I rolled my window down with the rain coming in and breathed. I began  talking to myself . " I can do  this... I can do this... the pain is only temporary .. I can do this!"

David may or may not have ran two red lights when we got off the high way. He called his mom ahead of time and told her to meet us at the hospital entrance. He ran one last red light and there it
was... the most beautiful building I'd ever seen.. The hospital! We arrived at 7:35 pm ( mind you it usually takes 40 minutes to get there !)
His mom and stepdad were standing there waiting for us to pull up. David tossed the keys at them and I began to get out. I almost fell it was so slippery and his mom caught me. A big contraction.. she ran and got me a wheelchair. David ran with me in it and we made it to the Labor and Delivery side!

The nurses began to ask questions and take my information and all I wanted was a room asap! The nurse finally got the hint and said " she looks pretty serious, maybe no triage for her." I asked " is the room ready?! Please I need to go in!" and they led us into a room. Once in I ran to the bathroom to pee. I changed into the gown and peed again. My nurse came in and began to ask questions. I got up to pee again...
She then had me lay down to check how far along I was. I was at a 9! I began to panic.. "I can't do this ! Babe I can't do this! I need an epidural!" she responded " Oh no you can't now, you're too far along.. I'm sorry" and she began to put the straps to monitor the baby and I and put the monitor on my finger to monitor me . She began to ask questions and type on her computer and all of the sudden I felt the worst contraction I'd ever felt. I removed the monitor from my finger, sat up on the bed with my legs on the floor and David rushed over and said " where are you going?!" I grabbed onto his arms and pushed so hard that I broke my water all over his boots and the nurse's shoes! Not to mentioned I felt the babies head out! At this point they had no idea I had already pushed his head out because my gown was covering. David lifted me and laid me down on the bed and that's when I
pulled up the gown to show him. "Oh shit his head is out!" he said. The nurse called for all nurses to come in and the doctor. As they were coming in and getting everything ready, I pushed for the second time and out he came!

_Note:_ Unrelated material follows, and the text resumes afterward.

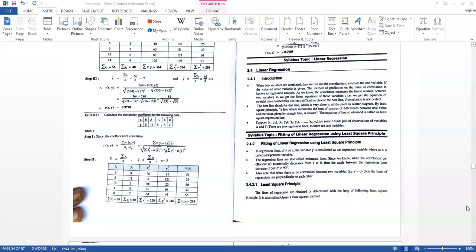Hello everyone. In this lecture we have a question about linear regression. When two variables are correlated, we can use the correlation to estimate one variable if the value of the other variable is given. The method of prediction on the basis of correlation is known as regression analysis.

(All of this happened super fast!) We were only there for 10 minutes and then he was Born.




Ethan Cole McDaniels was born at 7:48 pm!

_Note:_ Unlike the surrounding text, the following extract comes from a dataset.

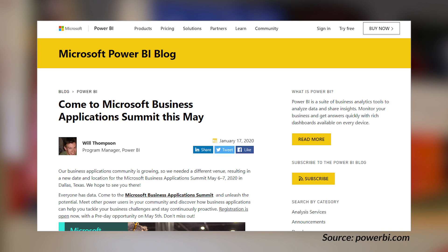Are you headed to the Microsoft Business Application Summit? There was a change to the date and location. It was going to be in Anaheim, California on April 20th and 21st. It has been moved to May 6th and 7th — a Wednesday and Thursday instead of Monday and Tuesday — in Dallas, Texas. So if you were planning to come in April to Anaheim, you're going to need to change your plans and head to Dallas, Texas in early May.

I never imagined his birth would be as dramatic as it was ! It all happened so fast! I wasn't even aware my body could do such an amazing job on it's own as it did! I'm so thankful to God that it was a quick birth and that the pain was only for a short amount of time.




The second the nurses plopped Ethan onto my chest, I fell head over heels. All the frustrations and disconnect I had felt through out the pregnancy just completely left me. I am 100% sure I was meant to have a big family. Ethan is everything I ever wanted and didn't know it. We're so beyond blessed to have him. He's healthy, he's beautiful and he's our little heaven on Earth.